Testing, testing, testing

These questions cannot be reserved for a post-hoc inquiry. Answering them in real time can help save lives today. In a month, will we hear from another son or daughter sharing their anguish that they will live forever with the knowledge that a parent’s life might have been saved if only they had the right protective equipment?

Moreover, improving the effectiveness of the government’s response is key to the ability to safely relax some – though not all – aspects of social distancing. Mass production of a vaccine or of effective treatments that can reduce the mortality rate of the virus are, at the very least, months away. The experiences of places such as South Korea and Hong Kong, which have been able to take a more relaxed approach to social distancing while keeping infection rates lower, suggest that there are ways to ease the burden before then, without putting lives at risk.

If that is possible, it is imperative to do so; the longer it goes on, the worse an impact this lockdown will have on people’s physical, mental and economic wellbeing. But it will be entirely dependent on a huge expansion in the capacity to test and trace contacts in order to prevent any relaxation of social distancing creating another rise in infection and, ultimately, death rates.

The government has pledged to increase testing capacity to 100,000 a day in less than two weeks’ time. But its track record to date does not inspire confidence – it has missed previous targets and is testing at fewer than 20,000 a day currently. It has not been clear about its assumptions about what level of testing capacity would be sufficient to relax social distancing measures in the coming weeks.

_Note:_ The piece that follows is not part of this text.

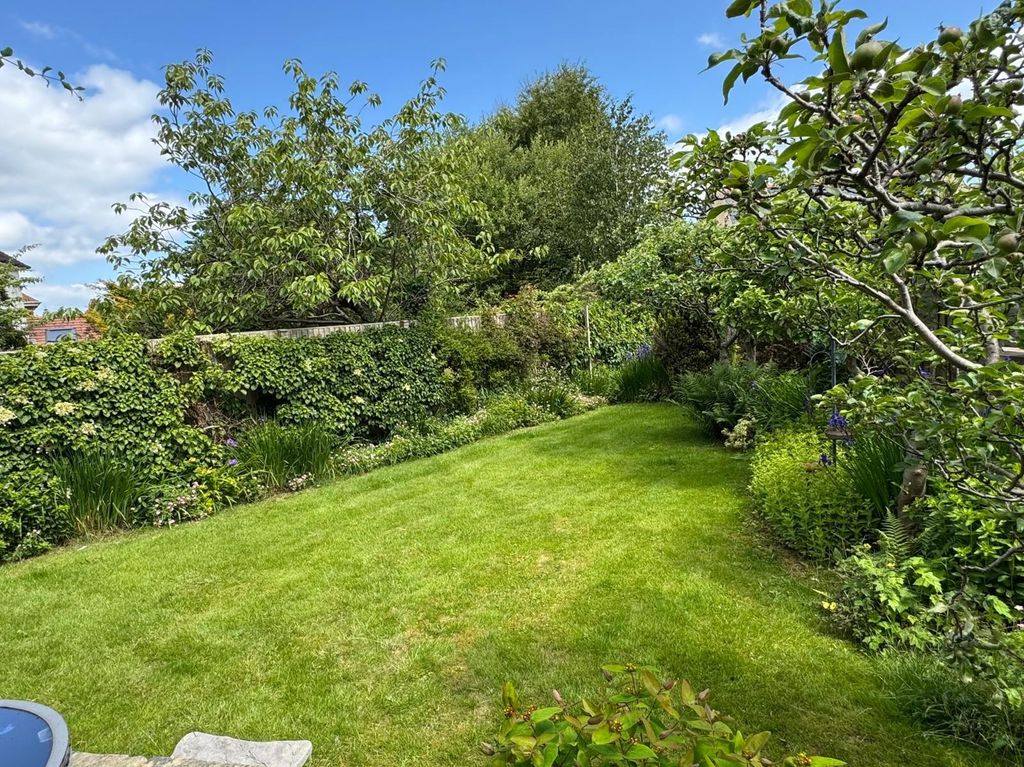 Property photo 3 of 21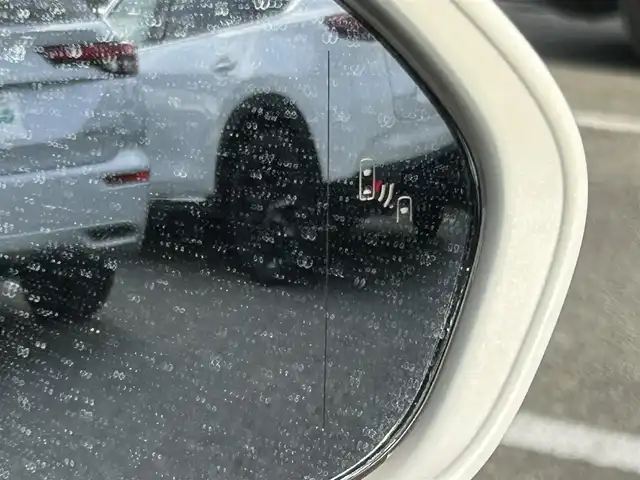 トヨタ クラウン ハイブリッド RS アドバンス 大阪府 2020(令2)年 4.7万km ホワイトパールクリスタルシャイン トヨタ・セーフティ・センス/・アダプティクブクルーズコントロール/・プリクラッシュセーフティー/・レーンアシスト/・クリアランスソナー/・リアクロストラフィックアラート/・オートマチックハイビーム/・ロードサインアシスト/純正ナビ/・Bluetooth/フルセグTV/CD/USB/AUX/　Miracast/ラジオ/主要装備/・全方位カメラ/・パーキングサポート/・横滑り防止装置/・オートホールド/・ブラインドスポットモニター/・HUD/・ステアリングヒーター/・ステアリングリモコン/・ハーフレザーシート/・パワーシート/・シートヒーター/・SOSコール/・nanoe/・ドライブレコーダー/・ETC2.0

On contact tracing, the experience of countries that have done this successfully, such as Singapore, suggest that apps are insufficient alone; they can only be used to support teams of contact tracers and effective plans to get people who are at risk of exposure to observe a strict quarantine, including from others in their household. Yet it would appear that the government has placed far too much emphasis on technology-based solutions, which are already unravelling, and not enough on building up teams of contact tracers, for example, from the thousands of environmental health officers who already work for local authorities.

The government is evading scrutiny for the plans and processes it must get in place now to enable a relaxation of social distancing later on, by claiming it would be inappropriate to talk publicly about an exit strategy in case it undermines the stay-at-home message. This comes across as obfuscation, particularly given the fact that ministers and advisers have seen fit to brief anonymously to the press that the public has been too obedient, and speculation about a relaxation of social distancing being imminent, which is far more undermining of the public health message.

Jeopardising the most vulnerable

Another serious problem with the way the government is handling this crisis is with respect to inequality. Care homes and homecare services have become the forgotten frontline; despite the fact that care workers are looking after those whose lives are most at risk from this virus, they are working with far less protection and guidance than the NHS. The situation makes a mockery of the concept of shielding the most vulnerable from the virus. In prisons, where people have long been locked up in conditions that are a risk to their basic safety, coronavirus is needlessly jeopardising lives, while a plan to release some prisoners early to try to improve conditions has been suspended after basic administrative errors. The same is true in the economy: some of the most precarious and at-risk workers have fallen through the cracks of the government’s schemes, dying in terrible conditions because they are scared of eviction.

Last week, the campaign group Led by Donkeys projected on to the Palace of Westminster footage of NHS workers imploring the prime minister to address the shortages in personal protective equipment. “The NHS saved your life, now we need you to save ours” was the heartfelt plea. No one doubts that ministers want to prevent doctors and nurses needlessly dying on their watch. But, set against a deadly virus that is claiming the lives of our loved ones, good intentions are just not enough.